Though Vance’s conversion to MAGA was far deeper than my own, nevertheless I too came to accept Trump as
the only chance people like us had to defeat what Hungarians will understand as the Soros clique.
Any doubts I had evaporated when a Donald Trump, temporarily felled by an assassin’s bullet, arose from the stage in Pennsylvania and, with blood streaming down his face, stood tall, extended his fist into the air, and shouted, ‘Fight! Fight! Fight!’
The thing about Trump is that he is a man of instincts, not ideology. This is not necessarily a weakness. Only a man with the unstoppable confidence of Trump in his own take on the world could have demolished the Republican establishment. By choosing Vance as his running mate, Trump has picked a successor who is not only a true believer, but who can also give Trumpism intellectual substance, and who indeed embodies it.
Hungarians like to compare Viktor Orbán to Donald Trump, but that’s only partly true. Orbán shares Trump’s bulldog faith in himself, but unlike Trump, Orbán has a well-considered political vision. In this sense, Orbán is more like J.D. Vance.
Like Orbán, who went to Oxford on a Soros scholarship, Vance is a traitor to his Yale class, asserting his loyalty to the people who raised him. In his convention speech, Vance said, ‘America’s ruling class wrote the checks; communities like mine paid the price.’
‘We’re done, ladies and gentlemen, catering to Wall Street,’ he said, of the Trumpified GOP. ‘We’ll commit to the working man.’
Vance also challenged the globalist idea that nations are a thing of the past. After telling a powerful story about how seven generations of his family are buried on the side of a Kentucky mountain, Vance said, ‘That is a homeland. That is our homeland. People will not fight for abstractions, but they will fight for their home.’
This should resonate with Hungarians who support Prime Minister Orbán’s fight to protect Hungarian sovereignty and culture from the internationalists of Brussels and Davos. As a younger man, Vance went to Iraq as a US Marine to fight in a war he believes should never have been fought, and which President George W. Bush said was intended to bring liberal democracy to Iraq—a country with no history of it, and no cultural capability to sustain it. If Trump-Vance ascend to power, that will be the end of ruling-class universalist fantasies that get young men from small town and rural America, killed for Washington hegemony masquerading as a crusade for democracy.
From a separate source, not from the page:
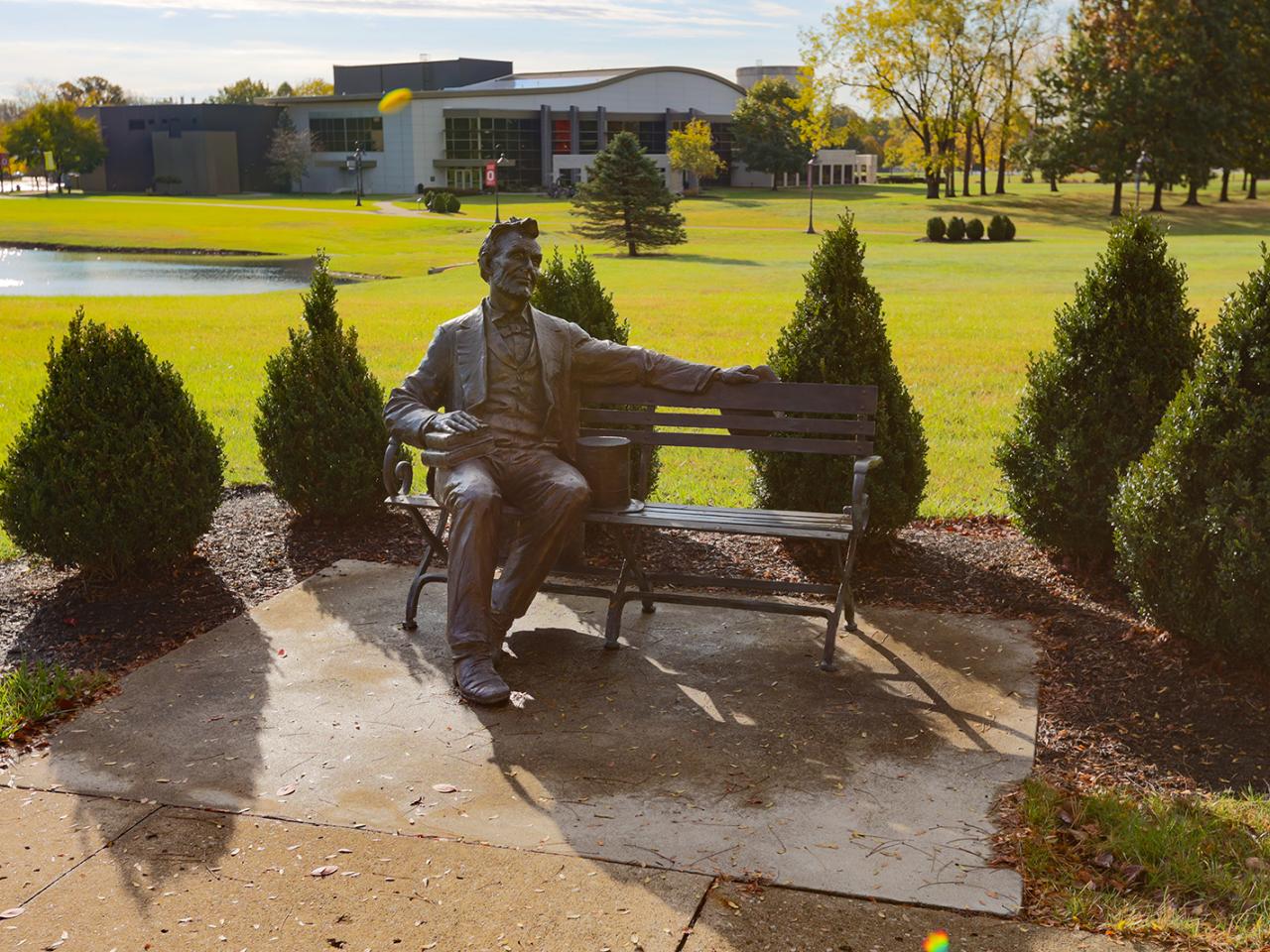 A bronze statue of Abraham Lincoln on a bench.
The last time I saw J.D. Vance, we drank beer at a pub not far from the Hotel Bayerischer Hof, where the annual Munich Security Conference was underway. The war veteran Vance was downcast because he had been trying to explain to the transatlantic mandarins that the Ukraine war was folly, and peace was the only sane option left. Nobody wanted to listen.
Viktor Orbán knows the feeling. But history is on the move.
Should J.D. Vance and Donald Trump make it to the White House, the Hungarian leader will have two strong allies
who not only like him, but believe in his nationalist-conservative vision, and can mold the future according to its realistic principles.
J.D. Vance now knows the difference between chardonnay and sauvignon blanc, but more importantly, he also knows the difference between Middletown and Davos. His training and experience in the halls and dining rooms of the American ruling class have taught him the skills he needs to defeat them. As he concluded his convention speech, Vance said, ‘I will be a vice president who never forgets where he came from.’ Middletown cheers. Felcsút should too.